[Air-l] 988 exabytes of info created in 2010
James Howison
jhowison at syr.edu
Tue Mar 6 12:09:10 PST 2007
IDC research huh? Does that qualify as an 'A Journal'? ;)
The results of commercial research firms are always so nicely
packaged and illustrated---and maybe that's one of the reasons that
actual real world decisions are based on them. (50 Rhode Islands?
That sounds like a lot, I'd better buy more ;)
Which, of course, makes them 'important' but for reasons other than
their 'truth'. Their importance seems self-reinforcing: people
listen to these groups because they know that their peers and
customers use them to make decisions, and the more they are used the
more likely others will use them.
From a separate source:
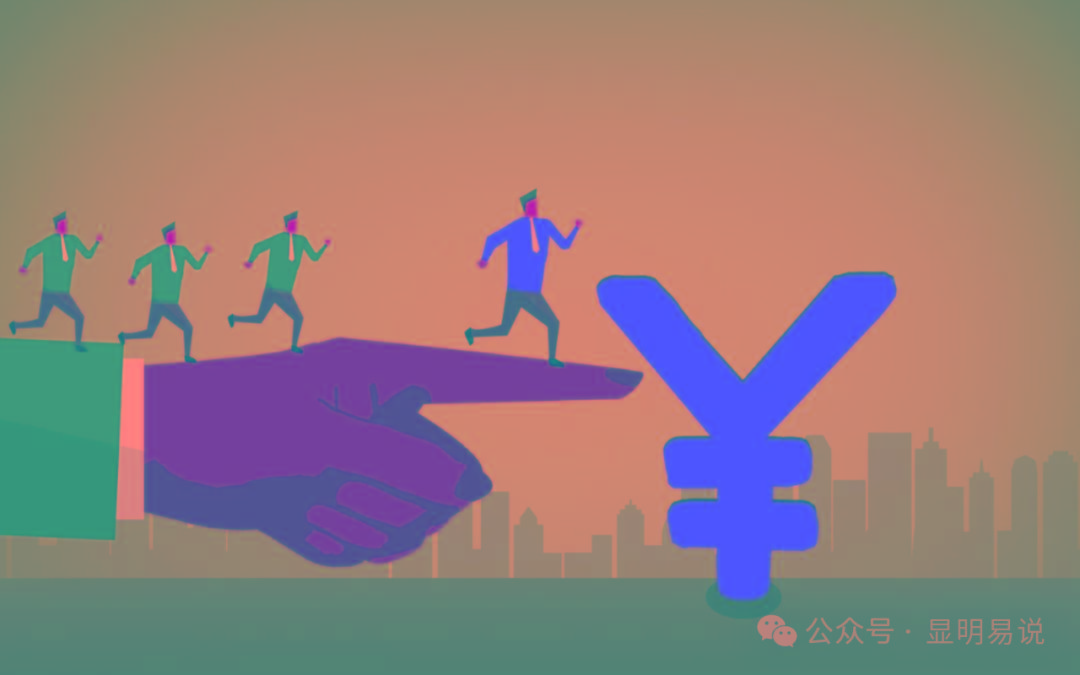 (9339期)某公众号付费文章《如何让收入提升百十倍？》-智库云网创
Sort of the 'no one ever got fired
for believing IDC/Gartner etc' effect.
I have students quoting such 'studies' all the time and I find them
completely unable to discuss the extent to which they believe the
studies and why (at worst the question appears nonsensical to them).
This is perhaps because many of the statistics are pulled from (free)
press releases, like the below, rather than the full (expensive)
reports, but also because the standards of review are completely
opaque, even once the full reports are pulled.
Is anyone aware of research that asks the question, 'how reliable are
the predictions of commercial research firms?'. (Although this study
being sponsored by the 'we sell storage' firm, EMC, so maybe it ought
to be categorized as 'vendor research'!).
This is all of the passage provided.